Ceph disaster recovery scenario


A datacenter containing three hosts of a non profit Ceph and OpenStack cluster suddenly lost connectivity and it could not be restored within 24h. The corresponding OSDs were marked out manually. The Ceph pool dedicated to this datacenter became unavailable as expected. However, a pool that was supposed to have at most one copy per datacenter turned out to have a faulty crush ruleset. As a result some placement groups in this pool were stuck.

$ ceph -s ... health HEALTH_WARN 1 pgs degraded; 7 pgs down; 7 pgs peering; 7 pgs recovering; 7 pgs stuck inactive; 15 pgs stuck unclean; recovery 184/1141208 degraded (0.016%) ...

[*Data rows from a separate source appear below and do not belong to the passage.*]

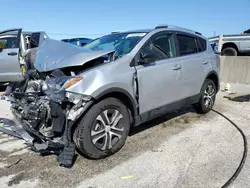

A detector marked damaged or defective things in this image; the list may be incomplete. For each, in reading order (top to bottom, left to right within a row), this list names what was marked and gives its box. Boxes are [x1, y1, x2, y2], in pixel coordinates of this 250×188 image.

crushed front end [8, 70, 93, 167]
crumpled hood [34, 38, 114, 72]
damaged toyota rav4 [0, 25, 219, 167]
wrecked car [0, 25, 220, 167]
another damaged vehicle [2, 25, 221, 167]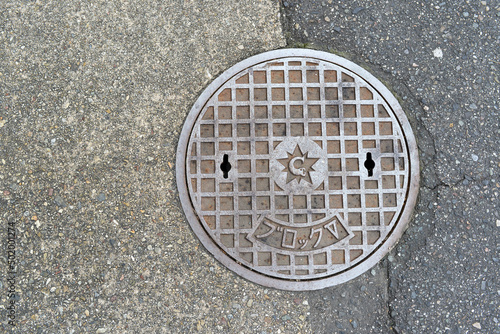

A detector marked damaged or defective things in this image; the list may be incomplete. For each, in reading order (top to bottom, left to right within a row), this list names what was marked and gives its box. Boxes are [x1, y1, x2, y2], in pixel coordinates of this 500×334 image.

rusty manhole cover [176, 49, 418, 290]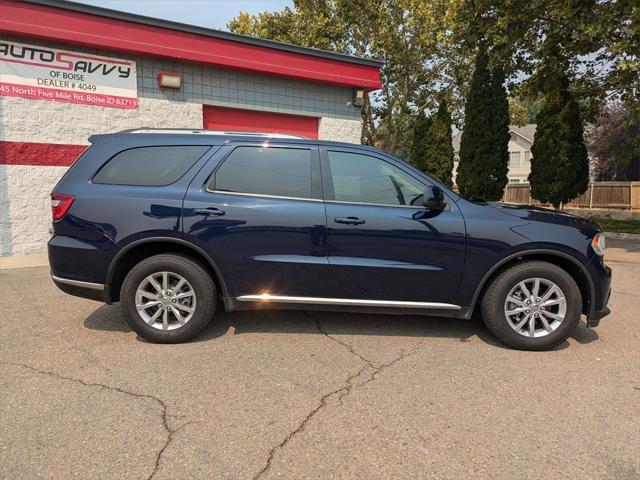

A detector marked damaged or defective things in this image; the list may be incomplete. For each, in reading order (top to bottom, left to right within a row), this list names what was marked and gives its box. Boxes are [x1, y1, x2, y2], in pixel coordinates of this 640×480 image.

cracked asphalt [0, 238, 636, 478]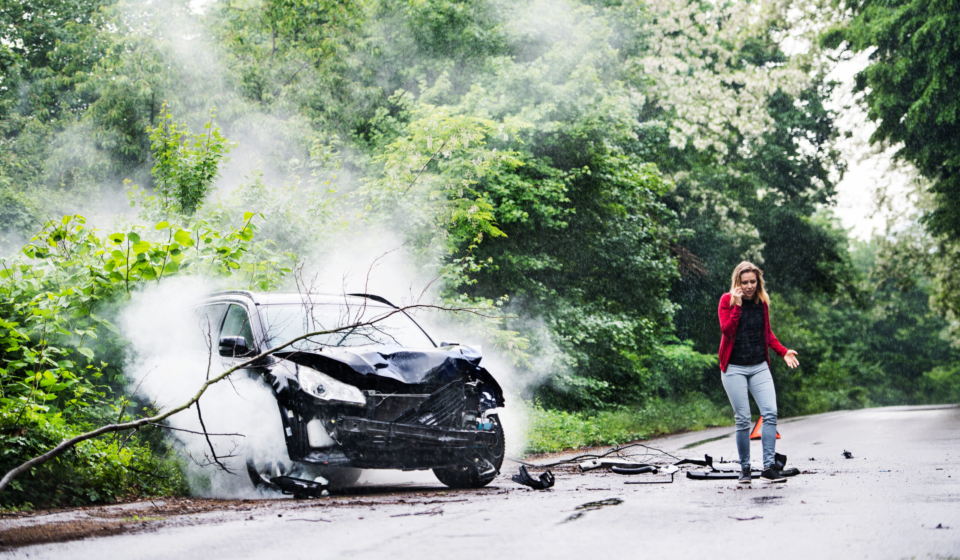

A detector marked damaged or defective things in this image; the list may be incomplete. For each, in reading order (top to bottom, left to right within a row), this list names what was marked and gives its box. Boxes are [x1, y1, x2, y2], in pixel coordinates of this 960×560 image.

The disks are extracted from the rackable machines and plugged in a laptop via USB shoes. To prevent data loss, their content are copied to a single machine via

mount /dev/sdc1 /mnt/ rsync -aX /mnt/ /var/lib/ceph/osd/ceph-$(cat /mnt/whoami)/

where the X is to copy xattr. The journal is copied from the dedicated partition with

rm /var/lib/ceph/osd/ceph-$(cat /mnt/whoami)/journal dd if=/mnt/journal of=/var/lib/ceph/osd/ceph-$(cat /mnt/whoami)/journal

where the first rm removes the symbolic link to the destination and the dd actually copies the content of the journal.
The /etc/ceph/ceph.conf is copied from the live cluster to the temporary host bm4202 and the latest emperor release is installed. The OSDs are started one by one to observe their progress:

$ start ceph-osd id=3 $ tail -f /var/log/ceph/ceph-osd.3.log 2014-07-04 16:55:12.217359 7fa264bb1800 0 ceph version 0.72.2 (a913ded2ff138aefb8cb84d347d72164099cfd60), process ceph-osd, pid 450 ... $ ceph osd tree ... -11 2.73 host bm4202 3 0.91 osd.3 up 0 4 0.91 osd.4 up 0 5 0.91 osd.5 up 0

After a while the necessary information is recovered from OSDs marked out and there is no more placement groups in the stuck state.

$ ceph -s ... pgmap v12582933: 856 pgs: 856 active+clean ...